Df["yearmonth"] = 100*year + month What does 100*year mean?

Screen Link: https://app.dataquest.io/m/468/business-metrics/4/net-promoter-score
Could someone explain what 100*year mean in the code below?

Code:

import pandas as pd

df = pd.read_csv("nps.csv", parse_dates=["event_date"])
year = df["event_date"].dt.year
month = df["event_date"].dt.month
df["yearmonth"] = 100*year + month

df["category"] = df["score"].apply(categorize)

nps = df.pivot_table(index="yearmonth", columns="category", aggfunc="size")
nps["total_responses"] = nps.sum(axis="columns")
nps["nps"] = (nps["Promoter"]-nps["Detractor"])/nps["total_responses"]
nps["nps"] = (100*nps["nps"]).astype(int)

I found a stack overflow page about converting datetime obj to integer, but I cannot fully understand it. The page is here; https://stackoverflow.com/questions/28154066/how-to-convert-datetime-to-integer-in-python

Thank you.

yearmonth stores the year and the month of each row in the yyyymm format. Supposed the year is 2020 and the month is 1, to get 202001 which is in the format of yyyymm we will have to multply year by 100, then add the results to month in order to get yearmonth in the required format.

Understood?

3 Likes

Thank you so much! It totally makes sense.
I did not notice that dt.year was actually int type.

1 Like

How would someone come to this conclusion?

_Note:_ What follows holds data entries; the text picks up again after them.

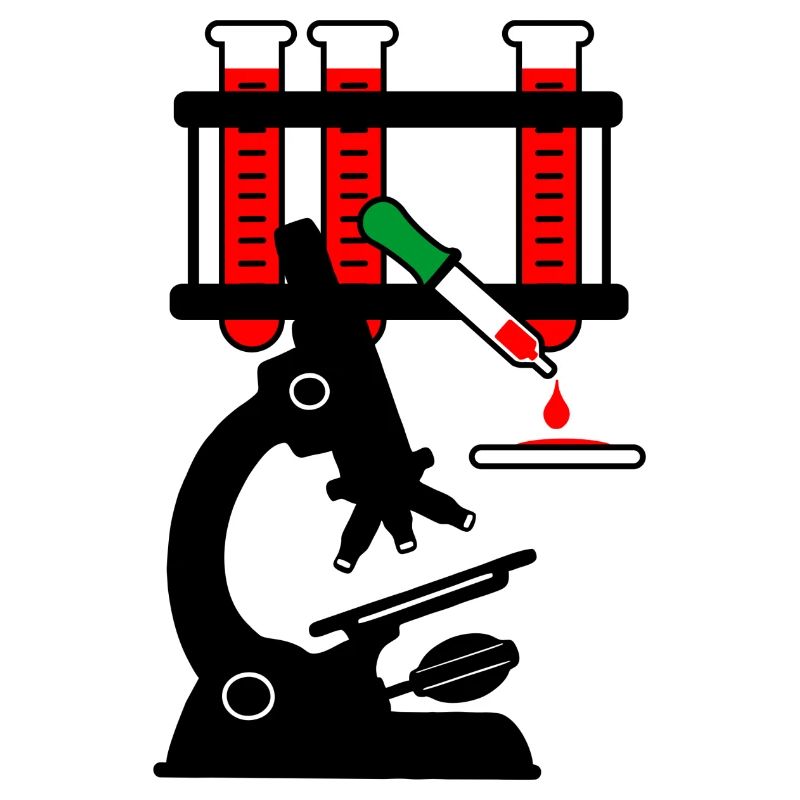 Blutspende microschoop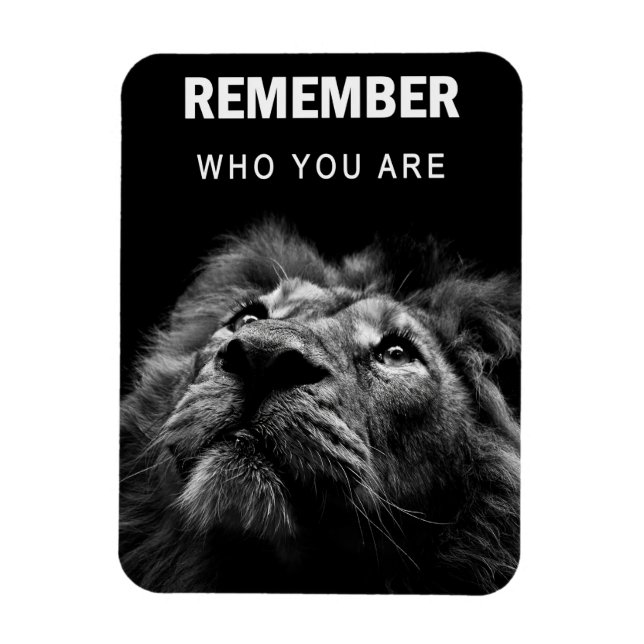 Ímã Lion Lembra Quem Você É (Vertical)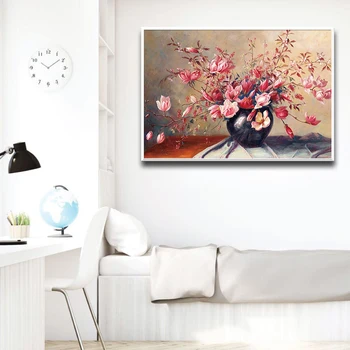 Mână-pictat Flori Imagini Pentru Home Design Pentru Dormitor, Camera de zi de Decorare Tablouri Decor de Perete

What do I need to work on to think more like this? I have been stuck on this problem for many days, I did a lot of research and tried different things. I knew the simplest way would be to add year+month but of course, it was missing that padded ‘0’ for the month of Jan - Sept… Should I study what output Im getting and just work from there? or do I just need to be a better mathematician to be better at this?

1 Like

Disclaimer; I am just a learner of Python and am not a professional. So, please don’t take what I am going to say seriously .

I guess you can get this kind of sense by getting new perspectives from someone’s code or trying to think of different solutions like you did. Moreover, this is just one of solutions. So, I guess that you don’t have to worry a lot.
I am sure that you have obtained many things from your research. It is fantastic!!

2 Likes

You’re very right anyway! Happy learning to you and thanks for the perspective!

2 Likes

why not use:

df[‘yearmonth’] = df[‘event_date’].dt.strftime("%Y%m").astype(int)

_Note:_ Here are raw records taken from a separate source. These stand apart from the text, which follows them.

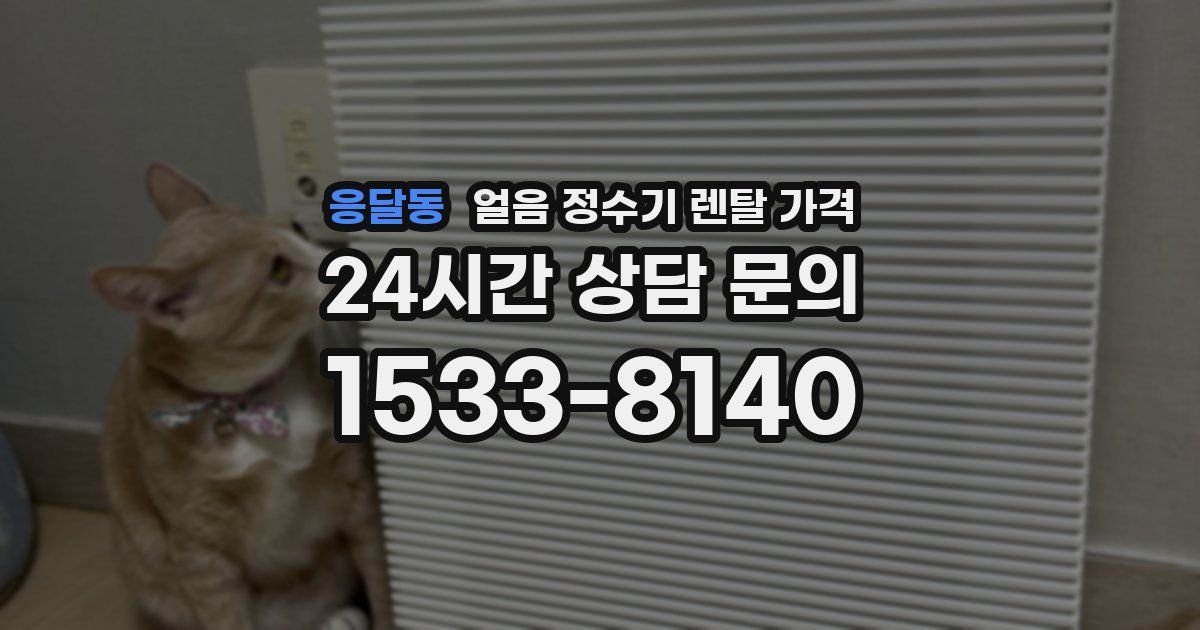 응달동 얼음 정수기 렌탈 가격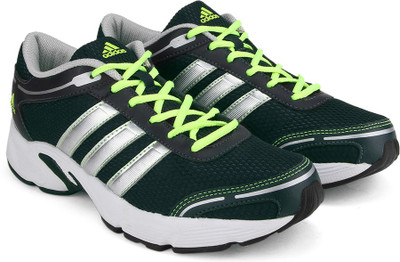 ADIDAS Eyota M Men Running Shoes For Men(Black, Green, Dknavy/metsilv/elect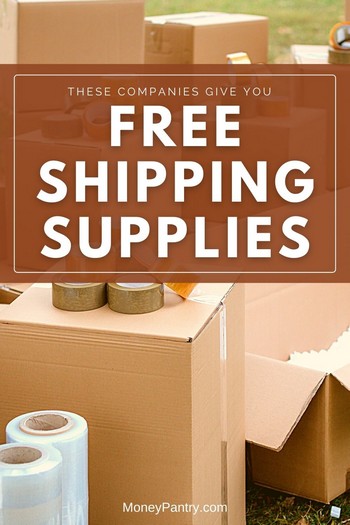 Here are legit ways you can score free shipping and packing supplies (boxes, labels, packaging tapes, etc)...
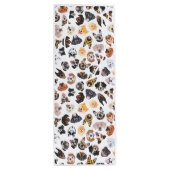 Sac Cadeau Pour Bouteille Illustration gaie avec des chiens (Dos)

isn’t it better or faster or easier to read compared to manipulating numbers?

4 Likes

I would second that. Multiplying year by 100 is an ambiguous way to solve the problem and it takes more lines. Clean way would be to convert the format of the date to YYYYMM, using dt.strftime("%Y%m).

1 Like

Yes, this is much better than that. I actually did same but forgot to include .astype(int).